As President Trump looked with favor on Florida’s 15-year-old tax credit scholarship last week, some of the reviews seemed to suffer a form of interstate transference.
The formulation went something like this: If Arizona, then Florida.
Take Kevin Carey, the able director of education policy at New America, as one example. After Trump on Tuesday introduced a graduate student who attributed her academic turnaround to the Florida scholarship program, Carey responded in the New York Times with an extended discourse not on the Sunshine State but on the Arizona Tax Credit Scholarship. Carey is troubled that Arizona’s Senate president runs one of the largest scholarship-granting organizations, thinks 10 percent is too much to pay the organizations to administer the program, criticizes the state for allowing scholarship students with higher household incomes, and is worried about the lack of testing and financial accountability requirements.
Those are all reasonable concerns, but none of them apply to Florida.
The President followed up his introduction of University of South Florida master’s student Denisha Merriweather with a visit on Friday to an Orlando Catholic school that participates in a scholarship program his Education Secretary, Betsy DeVos, has previously assessed as a national model. Not incidentally, Florida’s scholarship is also the largest in the nation.
So Carey’s challenge to Trump “to address issues that have arisen with state tax credits” would be more persuasive if he acknowledged that, at least at some level, Florida has addressed them.

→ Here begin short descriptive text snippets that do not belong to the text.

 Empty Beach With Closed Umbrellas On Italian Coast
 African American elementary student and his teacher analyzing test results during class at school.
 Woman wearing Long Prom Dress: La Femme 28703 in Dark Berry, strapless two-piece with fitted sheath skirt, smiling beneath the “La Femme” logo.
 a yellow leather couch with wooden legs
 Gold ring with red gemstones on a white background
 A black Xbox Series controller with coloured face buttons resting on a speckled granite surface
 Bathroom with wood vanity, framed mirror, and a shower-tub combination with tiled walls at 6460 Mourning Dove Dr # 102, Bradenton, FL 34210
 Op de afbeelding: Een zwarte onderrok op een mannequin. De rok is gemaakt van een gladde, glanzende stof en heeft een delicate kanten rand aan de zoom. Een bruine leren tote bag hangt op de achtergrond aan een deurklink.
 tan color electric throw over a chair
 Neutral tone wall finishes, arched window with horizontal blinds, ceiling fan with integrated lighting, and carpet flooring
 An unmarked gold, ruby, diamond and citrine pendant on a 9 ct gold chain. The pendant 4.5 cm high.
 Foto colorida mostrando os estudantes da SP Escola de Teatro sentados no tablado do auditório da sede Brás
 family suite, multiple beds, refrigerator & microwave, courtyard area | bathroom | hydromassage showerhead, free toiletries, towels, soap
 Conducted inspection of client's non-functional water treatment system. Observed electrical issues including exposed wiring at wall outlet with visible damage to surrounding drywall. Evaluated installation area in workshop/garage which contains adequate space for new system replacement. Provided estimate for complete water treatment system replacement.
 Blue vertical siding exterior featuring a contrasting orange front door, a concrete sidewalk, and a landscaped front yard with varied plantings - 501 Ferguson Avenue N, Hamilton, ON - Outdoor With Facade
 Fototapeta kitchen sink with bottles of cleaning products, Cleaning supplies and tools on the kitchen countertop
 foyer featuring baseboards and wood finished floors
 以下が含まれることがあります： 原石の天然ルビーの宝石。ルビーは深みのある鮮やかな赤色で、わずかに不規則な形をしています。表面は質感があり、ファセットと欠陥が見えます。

For the record, the Florida program was created in 2001 and this year serves 98,457 students who are mostly black or Hispanic and whose average household income is only 4.4 percent above poverty. Among the distinguishing features of the law: full scholarships of $5,886 are available only to students whose household income is $49,200 for a family of four (which is 200 percent of poverty), with partial scholarships available to incomes of up to $63,960; scholarship students must take state-approved nationally norm-referenced tests, with results publicly reported each year statewide and for individual schools with at least 30 students with previous and current-year test scores; schools with at least $250,000 in scholarship funds each year must submit financial reports conducted by independent accountants; scholarship funding organizations must serve any eligible student to attend any eligible private school in the state; scholarship organizations undergo two full audits each year, one private and one by the state auditor general; scholarship organizations can keep no more than 3 percent of the tax-credited contributions and only after they have completed three years with clean audits.
Carey was hardly alone in downplaying Florida’s record. Laura Jimenez and Samantha Batel, education experts at the Center For American Progress, did more directly challenge the notion that Florida might be an exemplar. But their prime evidence was a pinched reading of the Florida’s tax credit scholarship annual test score report (which in fact concludes that scholarship students were among the lowest performers in the public schools they left behind and in 2014-15 achieved the same gains in reading and math as students of all incomes nationally), and, more curiously, test reports from voucher programs in Indiana, Louisiana and Ohio.
In the wake of Trump’s visit, outlets like National Public Radio and The American Prospect ran articles asserting tax credit scholarships can allow donors to turn a “profit.” They base their analyses an Institute of Taxation and Economic Policy report that found some individual taxpayers who pay the alternative minimum tax can reduce their federal tax obligation by giving a state-tax-credited contribution. But as the report itself pointed out, the issue is irrelevant in Florida, which allows only corporate contributions.
Both outlets also point to scenarios outlined by financial advisers in which donors to scholarship funding organizations could get beneficial tax treatment by, for example, donating stocks or other financial assets to scholarship organizations. Again, this raises a valid issue state policymakers should examine in state tax codes. But again, the issue is not relevant in Florida.
None of this is meant to claim that Florida has cornered the market on accountability for tax credit scholarships, and readers should certainly be aware that I work for the nonprofit, Step Up For Students, that helps administer the scholarship program here. The point on which everyone should agree is that we cannot accept self-dealing, fraud or second-rate academics for any learning option – public or private. But the reality is that the oversight and regulation of these scholarship programs, much like that of traditional schools themselves, remains a work in progress. As such, any potential federal tax credit scholarship program can learn from the state scholarships that have led the way, which is why it is important to accept that Trump visited Florida for a reason.